There is a difference between happiness and wisdom: he that thinks himself the happiest man is really so; but he that thinks himself the wisest is generally the greatest fool.
...neither is it possible to discover the more remote and deeper parts of any science, if you stand but upon the level of the same science, and ascend not to a higher science.
There are and can be only two ways of searching into and discovering truth. The one flies from the senses and particulars to the most general axioms, and from these principles, the truth of which it takes for settled and immovable, proceeds to judgment and to the discovery of middle axioms. And this way is now in fashion. The other derives axioms from the senses and particulars, rising by a gradual and unbroken ascent, so that it arrives at the most general axioms last of all.

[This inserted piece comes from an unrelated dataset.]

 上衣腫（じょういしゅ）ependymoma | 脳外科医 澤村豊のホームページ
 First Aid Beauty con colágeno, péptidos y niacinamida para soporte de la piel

This is the true way, but as yet untried.
Those herbs which perfume the air most delightfully, not passed by as the rest, but, being trodden upon and crushed, are three; that is, burnet, wild thyme and watermints. Therefore, you are to set whole alleys of them, to have the pleasure when you walk or tread.
Natural abilities are like natural plants, that need pruning by study; and studies themselves do give forth directions too much at large, except they be bounded in by experience.
There is a cunning which we in England call "the turning of the cat" in the pan; which is, when that which a man says to another, he says it as if another had said it to him.